▶ **Task inputs**
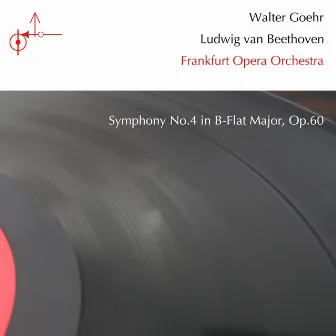 Beethoven: Symphony No. 4 in B-Flat Major, Op. 60 by Frankfurt Opera Orchestra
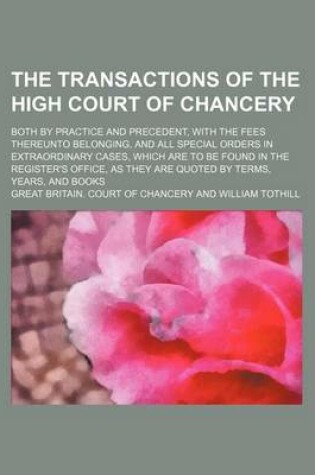 Cover of The Transactions of the High Court of Chancery; Both by Practice and Precedent, with the Fees Thereunto Belonging, and All Special Orders in Extraordinary Cases, Which Are to Be Found in the Register's Office, as They Are Quoted by Terms,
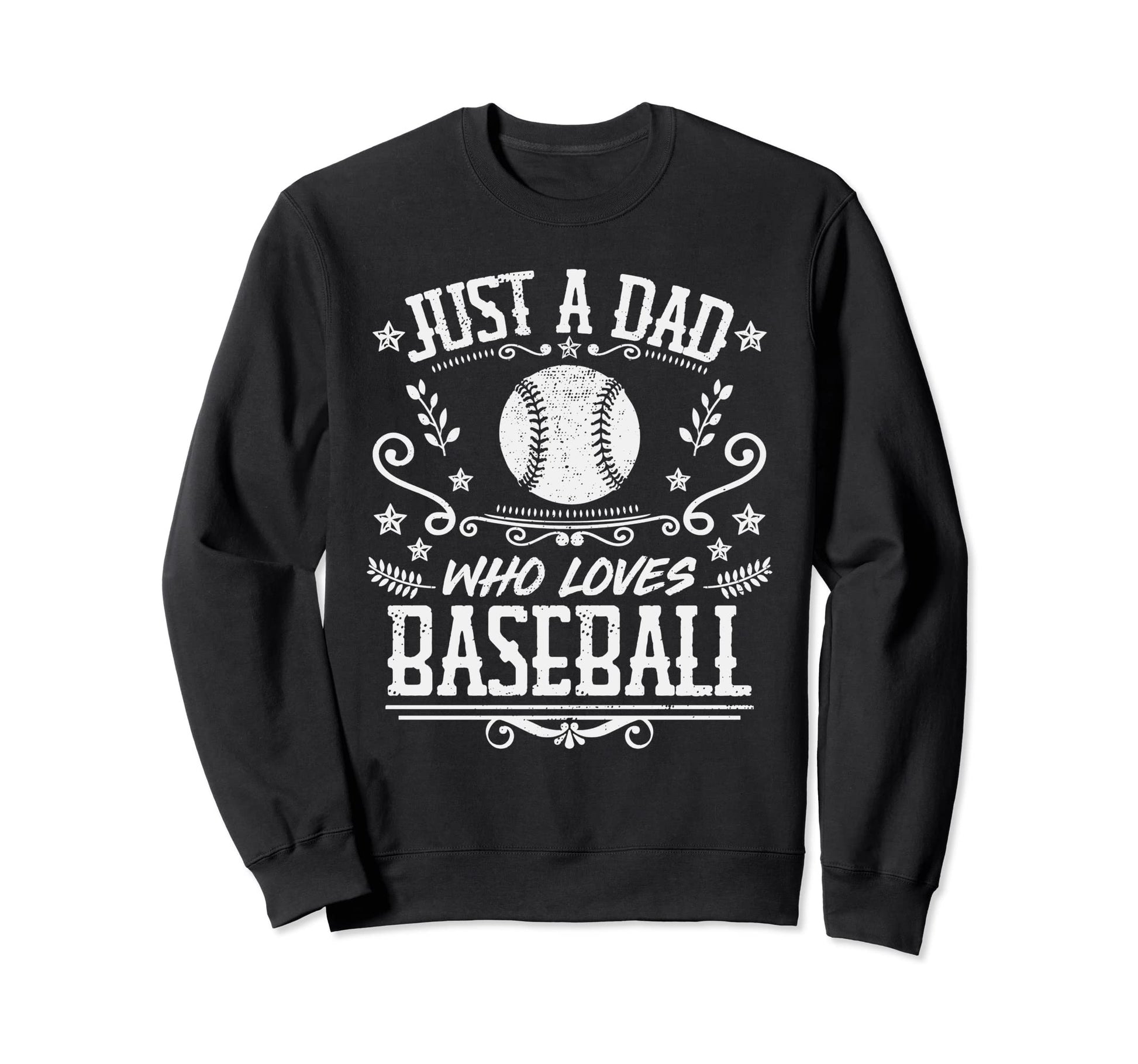 Just Dad Who Loves Baseball Funny Sweatshirt - Minimalist Print for Adults - T-Shirt, Sweatshirt, Hoodie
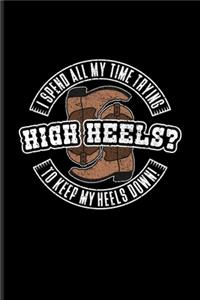 High Heels? I Spend All My Time Trying To Keep My Heels Down!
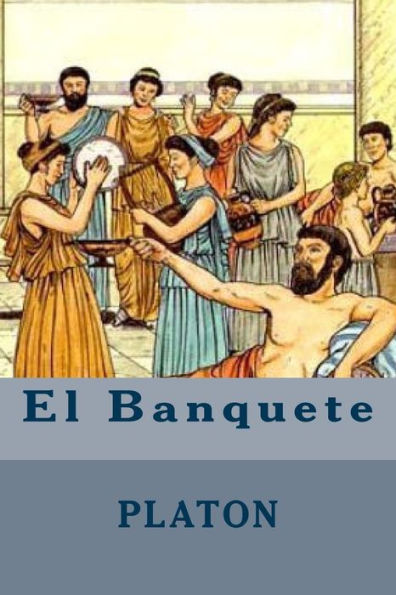 El Banquete (Spanish Edition) - 9781530949861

▶ **Work order**
Using the material above, set down every line exactly, but skip the pictures.

▶ **Output of the exercise**
 Beethoven: Symphony No. 4 in B-Flat Major, Op. 60 by Frankfurt Opera Orchestra
 Cover of The Transactions of the High Court of Chancery; Both by Practice and Precedent, with the Fees Thereunto Belonging, and All Special Orders in Extraordinary Cases, Which Are to Be Found in the Register's Office, as They Are Quoted by Terms,
 Just Dad Who Loves Baseball Funny Sweatshirt - Minimalist Print for Adults - T-Shirt, Sweatshirt, Hoodie
 High Heels? I Spend All My Time Trying To Keep My Heels Down!
 El Banquete (Spanish Edition) - 9781530949861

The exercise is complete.